The problems and challenges of the structure of the Nigerian State can only be achieved when the problems and challenges that are itemized below are addressed.

These are:

1. The practice of a federal system should be in reality such that power should be devolved to an acceptable level in the federating unit and not on paper. This position becomes important based on the fact that a federal state, is a political contrivance intended to reconcile national unity and power with the maintenance of state rights for certain common and mutual purposes.

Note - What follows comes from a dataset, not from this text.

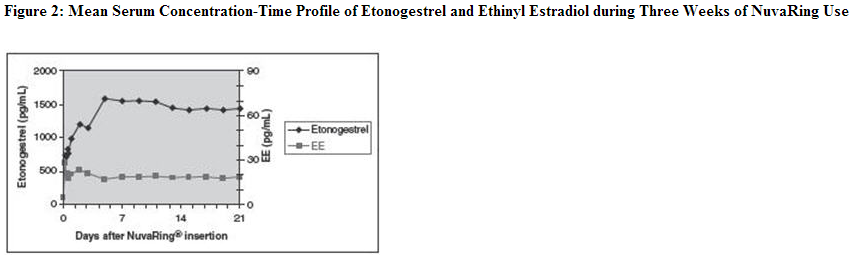 File:Etonorgestrel and Ethinyl Estradiol Vaginal Ring Figure2.png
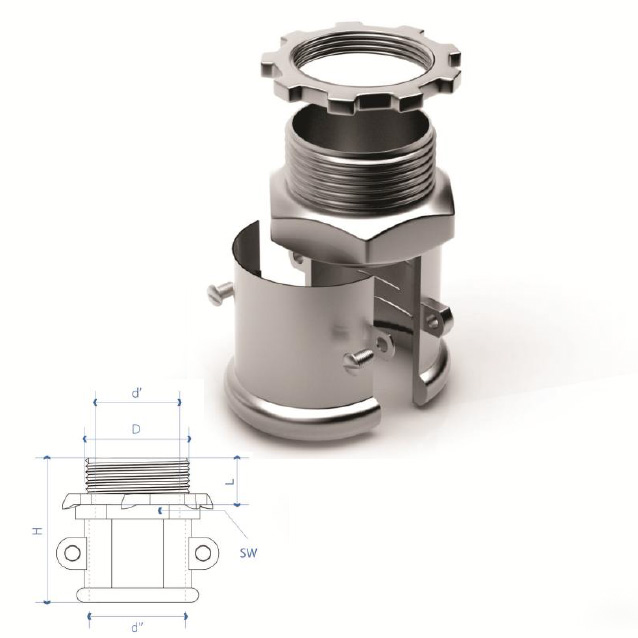 گلند فلکسیبل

2. There should be an adherence to the provisions of revenue allocation that would be in the adherence with the Constitutional Allocation of Revenue between the Federal, States as well as the Local Government are in sections 162-168 as well as A and D of part 11 second schedule under the 1999 constitution. Section 162 of the 1999 constitution provides for common pool of financial resources (called the Federation Account) which is to be distributed among the Federal and State Governments as well as the Local Government Councils in each State, on such manners as may be prescribed by the National Assembly. In the same vein, S. 162(2) sets out to pacify the oil-producing areas agitating against the Federal Government owning a lion share of the mineral revenues. The allocation of 13% to the states of origin resuscitates the principle of derivation.

3. The executive should display more of openness and transparency in leadership.

4. The civil service should jettison bureaucracy and ensure that people are served promptly, politely and efficiently.

5. The legislature should make laws independent from the influence of the executive.

6. The anti-corruption should not be about witch-hunting but an agenda aimed at nipping corruption in the bud.